06 Febbraio 2020 - 17:55 Sara Menafra
«I carabinieri agivano nell'esercizio dei poteri», facendone un uso distorto, scrivono i giudici

Stefano Cucchi stava bene. Non era malato, non  era sottopeso, non era più tossicodipendente. E non sarebbe morto se non ci fosse stato un evento traumatico. E’ il passaggio più importante delle 120 pagine di motivazioni collegate alla sentenza con cui i  giudici della corte d’Assise di Roma hanno condannato due carabinieri a 12 anni. Alessio Di Bernardo e Raffaele D’Alessandro per omicidio preterintezione, e il maresciallo Roberto Mandolini e Francesco Tedesco, entrambi per falso. «Stefano Cucchi, vivendo sino alla sera del 15 ottobre del 2009, in una condizione di sostanziale benessere, se non avesse subito un evento traumatico», si legge.

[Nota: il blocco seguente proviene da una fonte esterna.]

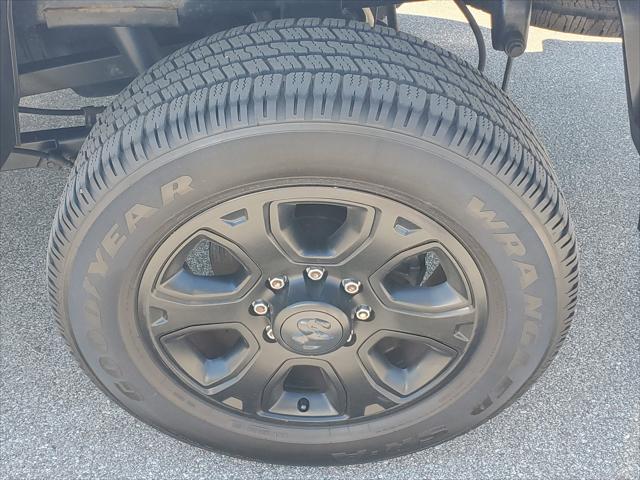 2019 Ram 2500 Big Horn Crew Cab 4x4 6'4" Box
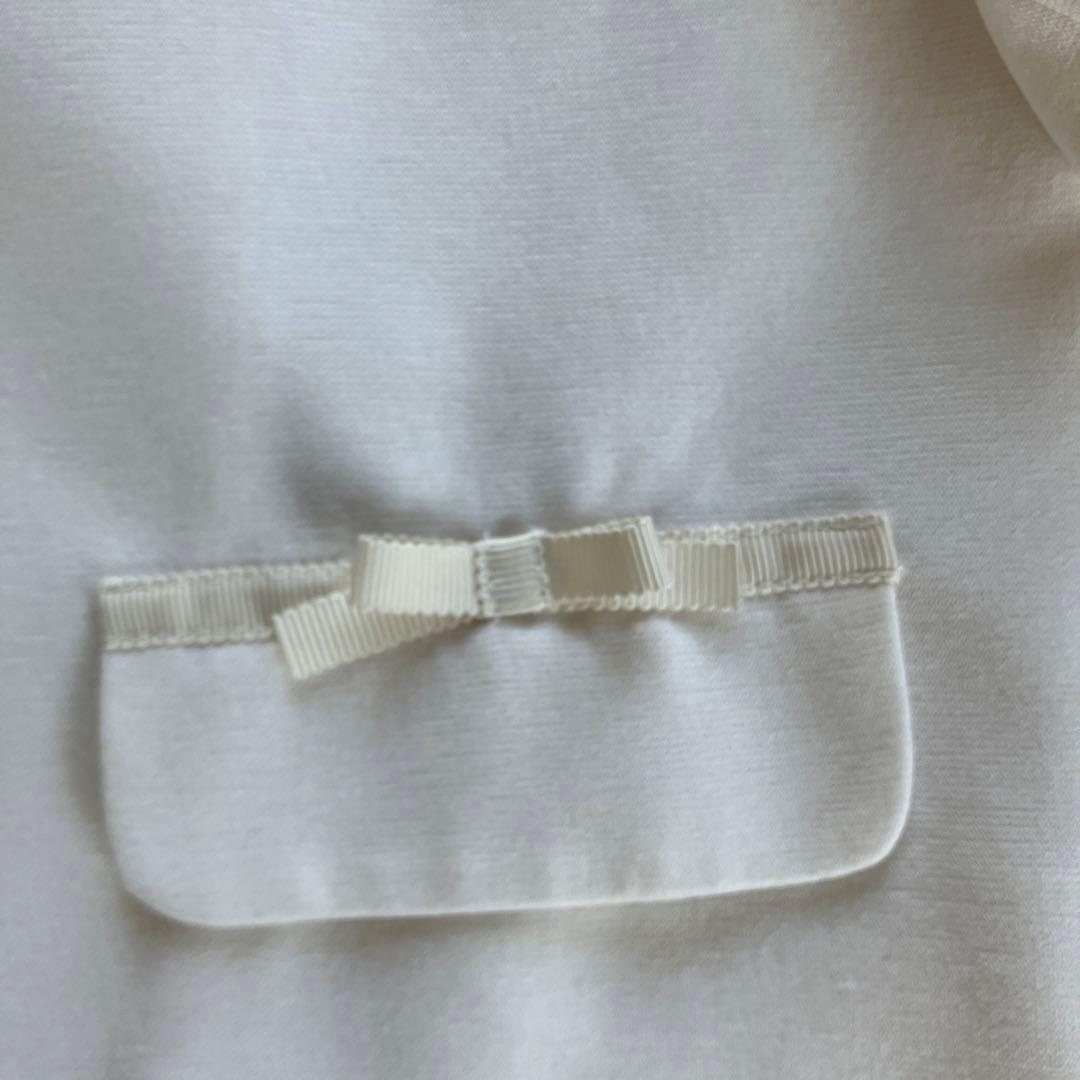 【値下げ！】卒業式にメゾピアノ160 XL ワンピース　ボレロ付き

Cosa dice il testo della sentenza

L’evento traumatico dunque. Una azione che ha «generato molteplici e gravi lesioni, con l’instaurarsi di accertate patologie che hanno portato al suo ricovero e da lì a quel progressivo aggravarsi delle sue condizioni che lo hanno condotto alla morte». L’evento morte, è il linguaggio giuridico ad avere la meglio, è stato causato dalle lesioni.

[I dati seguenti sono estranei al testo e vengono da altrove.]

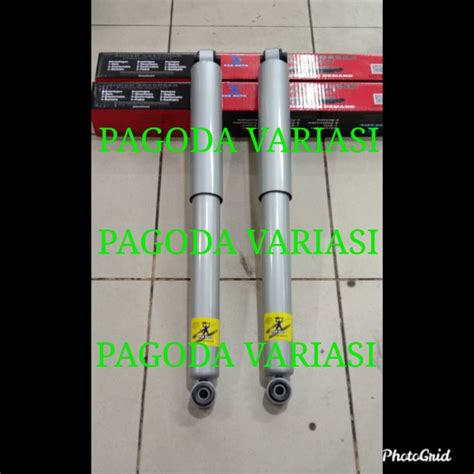 Jual SHOCK BREAKER FCS PREMIUM CALYA SIGRA 2015 ON BELAKANG STD 2PCS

«Una catena causale – afferma la corte – che parte, dunque, da un’azione palesemente dolosa illecita che ha costituito la causa prima di un’evoluzione patologica alla fine letale». Non solo, il giudice nell’escludere le attenuanti dice anche che chi ha ucciso Cucchi era nel pieno esercizio delle funzioni di militare, «facendo un uso distorto dei poteri» conferiti dallo Stato. Per questo motivo, la condanna non tiene conto del fatto che Di Bernardo e D’Alessandro fossero incensurati.